The deep sea is one of the largest biomes on Earth, encompassing 95% of the Earth’s oceanic volume and reaching depths of over 10,000 m [1,2]. It is a unique environment that is characterised by low temperatures, high hydrostatic pressure—which increases by one atmosphere with every 10 m increase in water depth—low oxygen, and no sunlight beyond 1000 m . These conditions are relatively constant, with little impact from ocean currents and seasonality . However, it is estimated that less than 0.001% of the deep sea has been explored, and relatively little is known about its microbial inhabitants compared to those of the terrestrial world . The deep sea is, perhaps, one of the last frontiers of biodiscovery and, as such, has been gaining attention as a source of potential novel microbial compounds.
Deep-sea microorganisms are uniquely adapted to the extreme conditions of their environmental niche. Notably, deep-sea microbial proteins are often optimally active at low temperatures  and can have unusual amino acid structures , leading to an increased tolerance to high pressure [7,8].
Some recently described antimicrobials are produced by novel deep-sea bacteria isolated from deep-sea sediment. These include marthiapeptide A, a cyclic peptide produced by Marinactinospora thermotolerans ; lobophorins E, F and K, antibiotics from Streptomyces spp. [10,11]; and anthracimycin, an anti-anthrax (Bacillus anthracis) antibiotic produced by Streptomyces sp. CNH365 . Other such antimicrobials have also been found in deep seawater, for example, brainimycins B and C (macrolides) produced by Pseudonocardia carboxydivorans . Deep-sea bacteria found in association with higher organisms are also now gaining attention as producers of novel antimicrobials, particularly those from deep-sea coral  and sponges .

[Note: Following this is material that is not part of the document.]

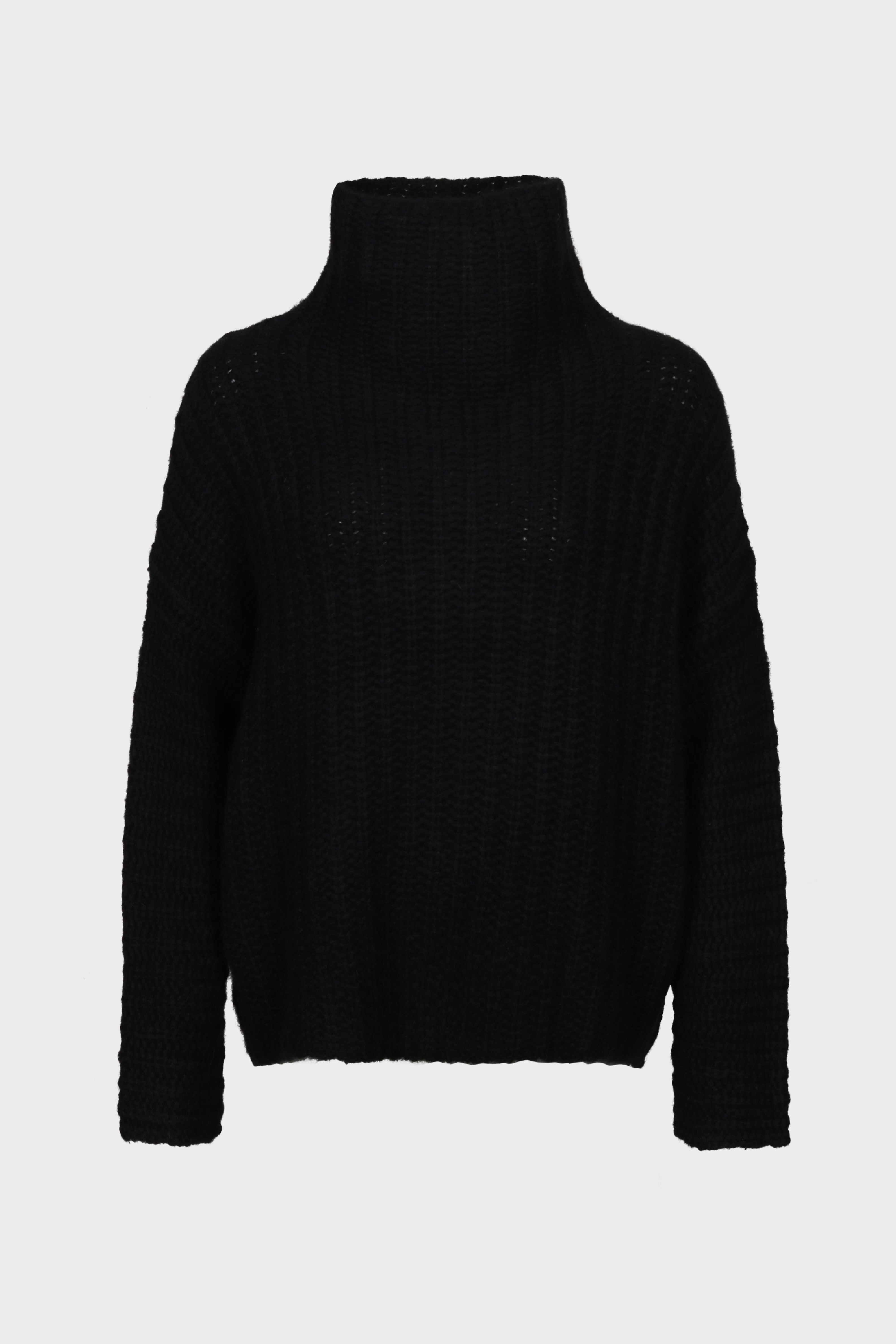 SMINFINITY Fluffy Ribbed Turtleneck Jumper in Black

Bacteriocins are small (<10 kDa), ribosomally synthesised antimicrobial peptides produced by bacteria that target other bacteria, and to which the producer has immunity. Bacteriocins can be divided into two main classes: class I (lantibiotics or lanthipeptides) and class II (non-lanthionine-containing bacteriocins) . Lanthipeptides can be further subdivided into five subclasses, I-V, based on the biosynthetic enzyme(s) involved in their modification . The class II bacteriocins are subdivided into four groups: the anti-listerial pediocin-like peptides (class IIa), two-component peptides (class IIb), cyclic/circular bacteriocins (class IIc) and the linear and non-pediocin-like peptides (class IId) . Bacteriocins are emerging as alternatives to antibiotics due to their spectrum of activity—which can be broad or narrow—heat stability and their capacity for bioengineering to generate derivatives with value-added properties . This is of particular importance, given the significant and growing threat that antibiotic-resistant organisms pose in the medical and food industries. According to a 2019 report by the Centres for Disease Control and Prevention (CDC), almost three million infections, including foodborne illness, caused by antibiotic-resistant organisms occur each year in the United States of America alone .

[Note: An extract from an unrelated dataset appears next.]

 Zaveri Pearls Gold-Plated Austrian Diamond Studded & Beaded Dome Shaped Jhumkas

To date, very few studies have explored the production of bacteriocins from deep-sea fish microbial isolates. One example is BaCf3, a bacteriocin produced by Bacillus amyloliquefaciens BTSS3, isolated from the intestine of a deep-sea shark. This highly thermostable bacteriocin was initially identified through in vitro screening methods and showed inhibitory activity against pathogenic bacteria, including Bacillus cereus, Clostridium perfringens, Staphylococcus aureus and Salmonella enterica Typhimurium [20,21].

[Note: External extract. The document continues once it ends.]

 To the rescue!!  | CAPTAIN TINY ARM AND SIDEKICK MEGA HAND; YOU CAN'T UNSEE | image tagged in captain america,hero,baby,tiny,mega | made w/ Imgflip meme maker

Previous work carried out in our laboratory generated metagenome-assembled genomes (MAGs) from shotgun metagenomic sequencing of intestinal microbiomes samples from deep-sea fish from the Atlantic Ocean . The fish were collected as part of a groundfish survey. Analysis of the MAGS revealed information on the taxonomic and functional diversity of these samples, such as a predominance of Pseudomonadota (Proteobacteria), as well as a large abundance of genes involved in DNA repair, protein folding and motility. Bacterial isolates were recovered from the intestines and skin of a subset of these deep-sea fish and were preliminary screened for bioactivity against the Gram-positive target organism, Lactobacillus delbrueckii subsp. bulgaricus. L. bulgaricus is commonly used in the assessment of antimicrobial activity due to its low-pH resistance and sensitivity to a wide range of bacteriocins [23,24,25]. In this study, a cohort of these bacterial isolates were reassessed for bioactivity against the target strain, Lactobacillus delbrueckii subsp. bulgaricus, and were subsequently screened against a range of various target strains.
The aim of this study was to determine the bacteriocinogenic (ability to produce bacteriocins) potential of deep-sea fish microbial isolates (n = 65) through in vitro screening against various target strains, including pathogenic bacteria, and through in silico mining of the genomes of a selection of these isolates (n = 36) for putative bacteriocin biosynthetic gene clusters. We also looked for the presence of other secondary metabolite gene clusters and antimicrobial resistance (AMR) genes.